(TRY IT):
From the first line to the last, transcribe the data exactly and skip the pictures.
--- --- ---
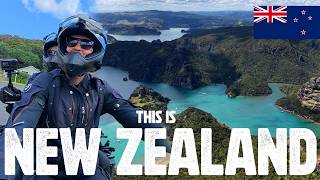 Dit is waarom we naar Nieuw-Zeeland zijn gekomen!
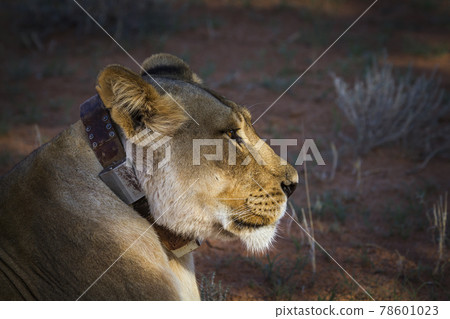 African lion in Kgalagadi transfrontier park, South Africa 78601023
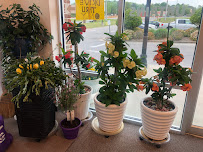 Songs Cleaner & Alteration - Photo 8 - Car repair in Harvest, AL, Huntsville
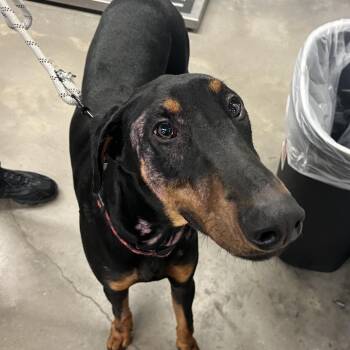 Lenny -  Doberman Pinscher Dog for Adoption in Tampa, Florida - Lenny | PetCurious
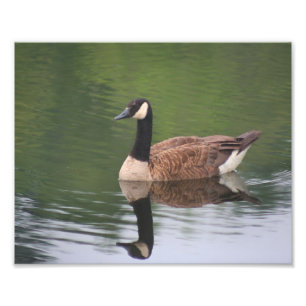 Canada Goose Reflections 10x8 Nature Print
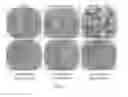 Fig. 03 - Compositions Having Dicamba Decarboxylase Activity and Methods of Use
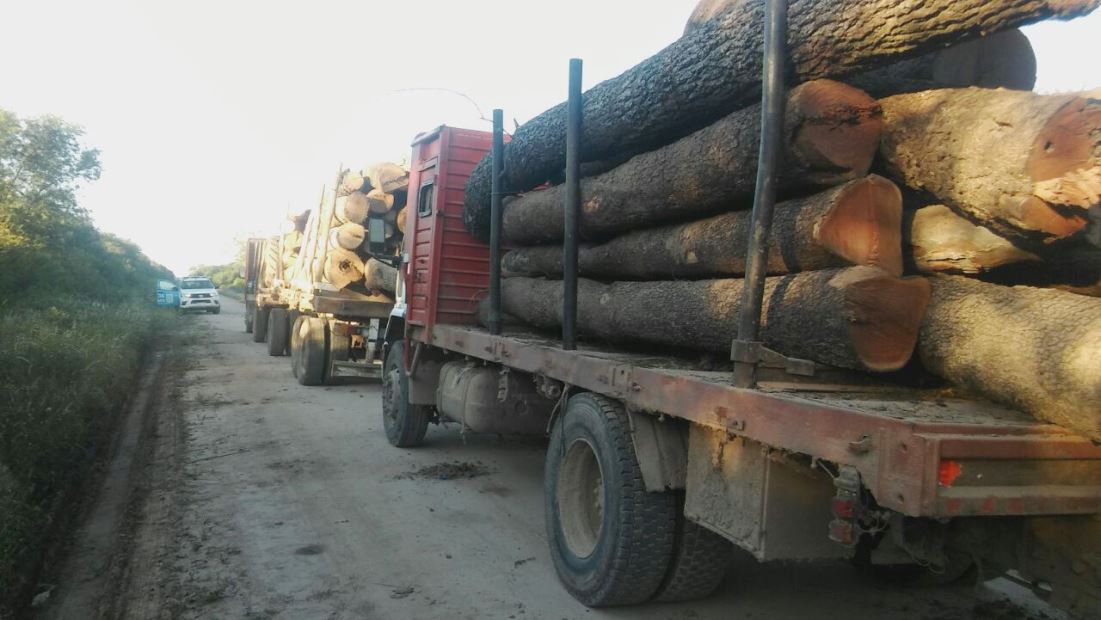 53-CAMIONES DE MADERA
--- --- ---
(WORKED SOLUTION):
 Dit is waarom we naar Nieuw-Zeeland zijn gekomen!
 African lion in Kgalagadi transfrontier park, South Africa 78601023
 Songs Cleaner & Alteration - Photo 8 - Car repair in Harvest, AL, Huntsville
 Lenny -  Doberman Pinscher Dog for Adoption in Tampa, Florida - Lenny | PetCurious
 Canada Goose Reflections 10x8 Nature Print
 Fig. 03 - Compositions Having Dicamba Decarboxylase Activity and Methods of Use
 53-CAMIONES DE MADERA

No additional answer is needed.